Train accuracy improving but validation remains unchanged?

I am using TF 2.0. I was trying to train a network on my own data. It was not going well. The validation accuracy was close to 0 and stagnant. I tried many regularizations to no effect. Then I tried training a network on 3 classes of data where all images in each class are the same so as to eliminate the possibility of variability. But this is not working either. Since all in-class images are the same, I would expect the validation accuracy to perfectly match the training accuracy since there is no new data. Why is that not the case?

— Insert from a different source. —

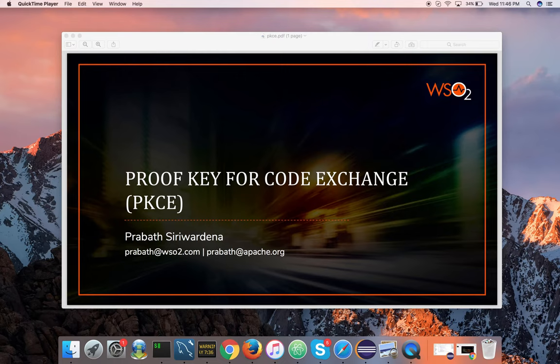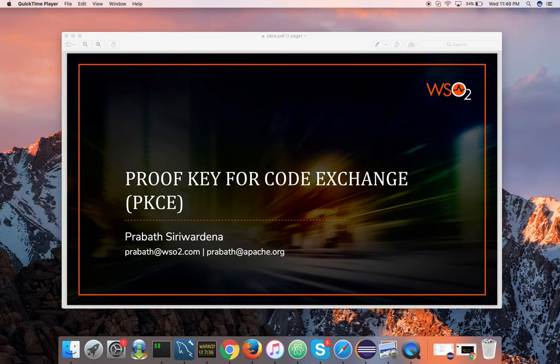Hi folks, hope you are doing great. Today in this video I am going to talk about Proof Key for Code Exchange, or PKCE — we pronounce it as PIXY. PIXY was introduced in RFC 7636 and it is applicable for the authorization code grant type in OAuth 2. It tries to solve the problem of authorization code interception attack. If you use authorization code grant type with PIXY, you can prevent the code interception attack. Most of the time we see this in mobile apps — when you develop native apps with authorization code grant type, those apps are susceptible to code interception attack if you don't use PIXY.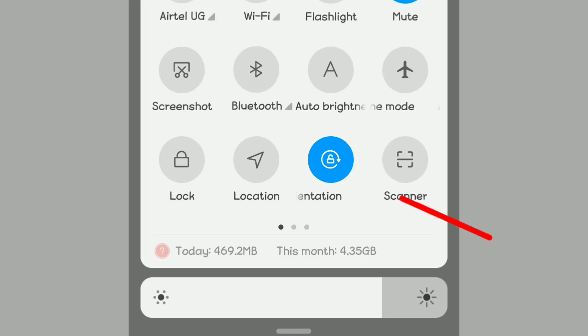In this video, I'm going to be telling you the meaning of lock orientation on your Android device. So if you swipe up the notification button, you see this lock orientation. Stick around and watch the video until the end. So let's get started.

Here is my code:
import tensorflow as tf
from tensorflow.keras.preprocessing.image import ImageDataGenerator
from tensorflow.keras.models import Model
from tensorflow.keras.layers import Dense, GlobalAveragePooling2D
from tensorflow.keras.applications.mobilenet import preprocess_input
import matplotlib.pyplot as plt
base_model = tf.keras.applications.MobileNet(weights='imagenet', include_top=False)
def turn_off(n):
for layer in model.layers[:n]:
layer.trainable = False
for layer in model.layers[n:]:
layer.trainable = True
x = base_model.output
x = GlobalAveragePooling2D()(x)
x = Dense(1024, activation='relu')(
x) # we add dense layers so that the model can learn more complex functions and classify for better results.

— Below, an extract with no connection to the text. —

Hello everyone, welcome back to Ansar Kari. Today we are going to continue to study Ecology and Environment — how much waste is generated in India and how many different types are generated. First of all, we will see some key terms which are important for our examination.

x = Dense(1024, activation='relu')(x) # dense layer 2
x = Dense(512, activation='relu')(x) # dense layer 3
preds = Dense(3, activation='softmax')(x) # final layer with softmax activation
model = Model(inputs=base_model.input, outputs=preds)
turn_off(87)
train_datagen = ImageDataGenerator(preprocessing_function=preprocess_input,
rescale=1. / 255,
validation_split=0.2) # set validation split
train_generator = train_datagen.flow_from_directory(
'/users/josh.flori/desktop/colors/',
target_size=(224, 224),
batch_size=32,
color_mode='rgb',
class_mode='categorical',
subset='training',
shuffle=True) # set as training data
validation_generator = train_datagen.flow_from_directory(
'/users/josh.flori/desktop/colors/',
target_size=(224, 224),
batch_size=32,
color_mode='rgb',
class_mode='categorical',
subset='validation',
shuffle=True) # set as validation data
# Adam optimizer
# loss function will be categorical cross entropy
# evaluation metric will be accuracy
model.compile(optimizer='adam', loss='categorical_crossentropy', metrics=['accuracy'])

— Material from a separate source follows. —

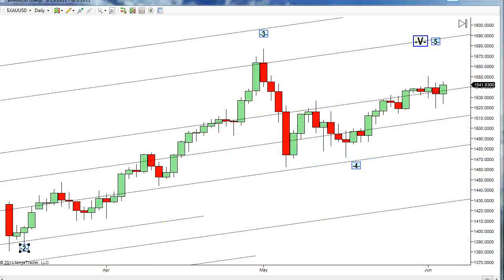Hello, traders. This is Gary Wagner with the Gold Forecast here. Approximately 12 o'clock noon in Honolulu, Hawaii on Friday, the third day of June. And this is the Daily Report, our weekend review.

history = model.fit_generator(
train_generator,
steps_per_epoch=train_generator.samples // train_generator.batch_size,
validation_data=validation_generator,
validation_steps=validation_generator.samples // train_generator.batch_size,
epochs=6)
Here is the training output
9/9 [==============================] - 19s 2s/step - loss: 0.2645 - accuracy: 0.9134 - val_loss: 1.6668 - val_accuracy: 0.3438
Epoch 2/6
9/9 [==============================] - 20s 2s/step - loss: 0.0417 - accuracy: 0.9567 - val_loss: 2.6176 - val_accuracy: 0.3438
Epoch 3/6
9/9 [==============================] - 17s 2s/step - loss: 0.4771 - accuracy: 0.9422 - val_loss: 4.0694 - val_accuracy: 0.3438
Epoch 4/6
9/9 [==============================] - 18s 2s/step - loss: 0.0000e+00 - accuracy: 1.0000 - val_loss: 2.1304 - val_accuracy: 0.3125
Epoch 5/6
9/9 [==============================] - 18s 2s/step - loss: 9.7658e-07 - accuracy: 1.0000 - val_loss: 3.1633 - val_accuracy: 0.3125
Epoch 6/6
9/9 [==============================] - 18s 2s/step - loss: 2.2571e-05 - accuracy: 1.0000 - val_loss: 3.4949 - val_accuracy: 0.3125
My image folders look like this
where there are exactly 128 identical images per folder.
I've been reading all day, trying different images, I can't seem to get anywhere. What is causing this particular behavior? It has to be something obvious but I'm not sure.